29 Aug California could lose 10% of its water. Gavin Newsom offers new drought, water blueprint
Predicting that California’s water supplies could drop 10% in the next 20 years, Gov. Gavin Newsom outlined a broad drought protection blueprint Thursday that relies on more reservoirs, recycling and other strategies.
As California suffers through a third year of severe drought, the governor warned of decades of water shortages in California’s future — and said California has to do more to bridge the gap. As the climate dries out, “we have a new sense of urgency to address this issue,” he said while visiting a desalination plant under construction in Antioch. “What we’re focusing on is creating more water … moving away from a scarcity mindset to one more of abundance.
Much of the blueprint depends on projects already underway, including the construction of Sites Reservoir near the Sacramento River and six other storage projects that have been earmarked for billions of dollars in funding from Proposition 1, the voter-approved 2014 water bond.
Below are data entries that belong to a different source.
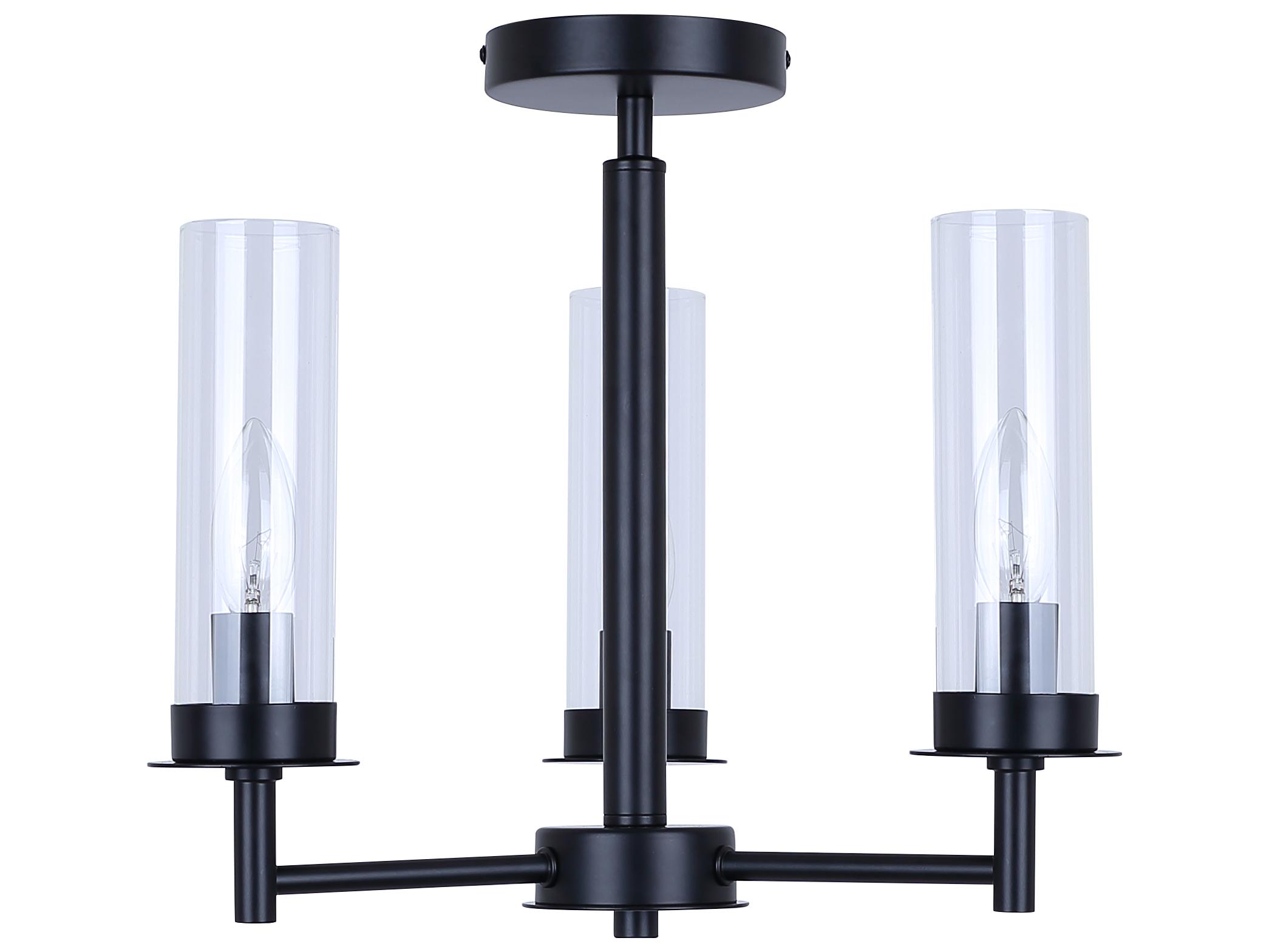 Canarm Benson 3 -light Black Cylinder Semi Flush Mount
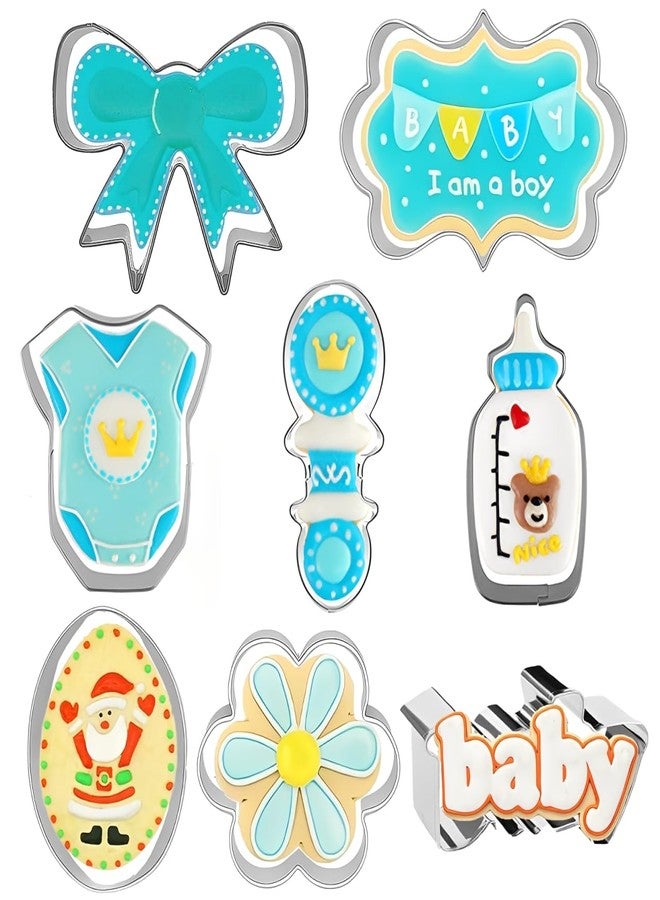 CZFSWT 8 Pieces Biscuit Tool Set, Shower Cookie Tools, Bow Cookie Tool, for Making Cookies, Suitable for Welcome Shower Party DIY and Craft Home Baking Supplies - Image 1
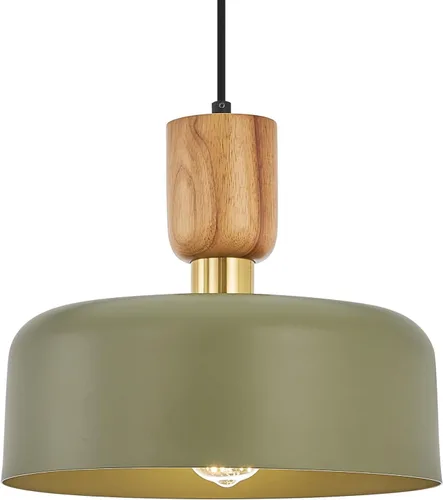 Iluminación colgante contemporánea, lámpara colgante de 12 pulgadas, acento de madera y latón, lámpara colgante de metal ajustable para cocina,
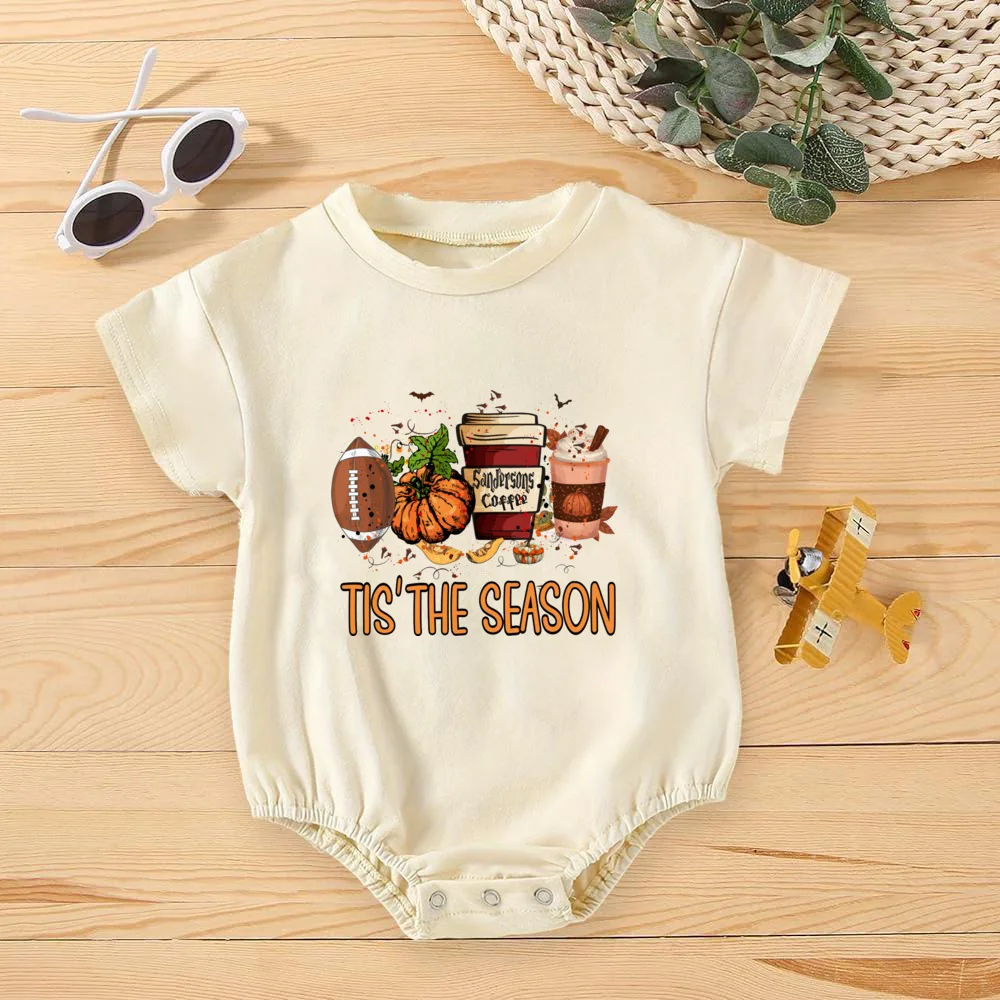 Tie The Season Pumpkin Latte Retro Halloween Bubble Romper Cute Fall Ghost Toddler Infant Bodysuit Retro Halloween Clothes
Newsom said the state will assemble a “strike team to facilitate state permitting” and rush the projects toward completion. He said California needs to slash “absurd” red tape that can tie up big projects. “This paralysis of process is getting in the way of progress,” he said. The plan will “adapt our water supply to a hotter and drier future, which we know is coming,” said Karla Nemeth, director of the state Department of Water Resources, who accompanied Newsom to Antioch. “We have to create new water supplies through recycling and desalination.”
Most of these projects are years away. Sites, a massive new reservoir that would be built about an hour north of Sacramento, probably wouldn’t open until around 2030 at the earliest. Sites would draw water from the Sacramento River, and environmentalists believe it would exacerbate the ecological problems the river is facing. But Newsom’s administration believes California needs to improve storage — above and below ground — as climate change turns the state hotter and drier. The Sierra Nevada snowpack — which acts as a second set of reservoirs, capable of releasing water during the dry months — is already diminishing as rain replaces snowfall. That makes it more vital for California to capture and store precipitation when it does fall, the governor’s administration believes. During his visit to Antioch, Newsom applauded the city’s decision to move ahead with a $100 million desalination plant that will remove saltiness from water creeping into its water supply from the ocean. He said desalination must become “a significant part of our effort, our portfolio.”
Yet desalination is expensive and often controversial. Despite Newsom’s support, a major desalination plant in Orange County was shot down recently by the California Coastal Commission. Newsom also insisted that conservation can help California cope with drought. Even though the state has fallen short of his call for 15% in voluntary cutbacks in urban use, the conservation numbers have improved in recent months, reaching 7.6% in June. “We’re moving in the right direction,” Newsom said. But he repeated earlier warnings that he could order mandatory statewide cutbacks if conservation falters.